Sometimes the critics latched on to a word or phrase that suggests a collective purpose or function, occasionally ironically, to make their case. Communications professor Robert Entman, for example, stated that we damaged our case by alleging that media coverage of the 1973 Paris accord on Vietnam 'was consciously "designed by the loyal media to serve the needs of state power"...which comes close to endorsing a conspiracy theory, which the authors explicitly disavow early on' (Entman 1990: 126). The word 'consciously' was Entman's, and he neglected numerous statements about the media's treatment of the Paris accord that didn't fit his effort to bring us 'close to' a conspiracy theory. To say that we 'disavow' a conspiracy theory is also misleading: we went to great pains to show that our view is closer to a free market model; we argued that the media comprise numerous independent entities that operate on the basis of common outlooks, incentives, and pressures from the market, government, and internal organizational forces.

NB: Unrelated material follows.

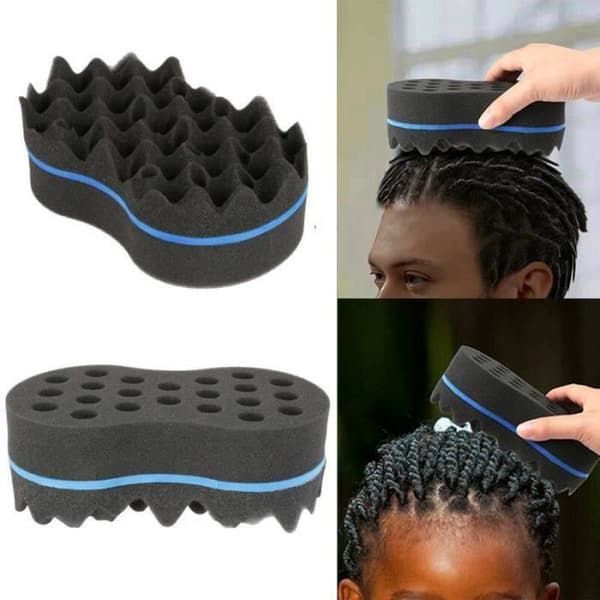 Svampborste, naturlig svampborste, dubbelsidig locksvamp, stylingborste för dreadlocks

The propaganda model explains media behavior and performance in structural terms, and intent is an unmeasurable red herring. All we know is that the media and journalists often mislead in tandem--some no doubt internalize a propaganda line as true, some may know it is false, but the point is unknowable and unimportant.
Chomskian linguistics. Some of the criticisms of the propaganda model have been laughable. Carlin Romano, in his review in Tikkun, located the weakness of the model in Chomskian linguistic theories that allegedly view everything as rooted in deep structures (Romano 1989). He was unaware that the rooting of corporate behavior and performance in structure is the core of modern industrial organization analysis, that I had already used it in a 1981 book, Corporate Control, Corporate Power, and that I was mainly responsible for the chapter in Manufacturing Consent that presented the propaganda model. Of course, whether traceable to Chomskian linguistics or industrial organization theory, the substantive issues are: Are the assumptions plausible? Does the model work? But showing a possible esoteric origin is a form of putdown that suggests remoteness from and lack of touch with real media people.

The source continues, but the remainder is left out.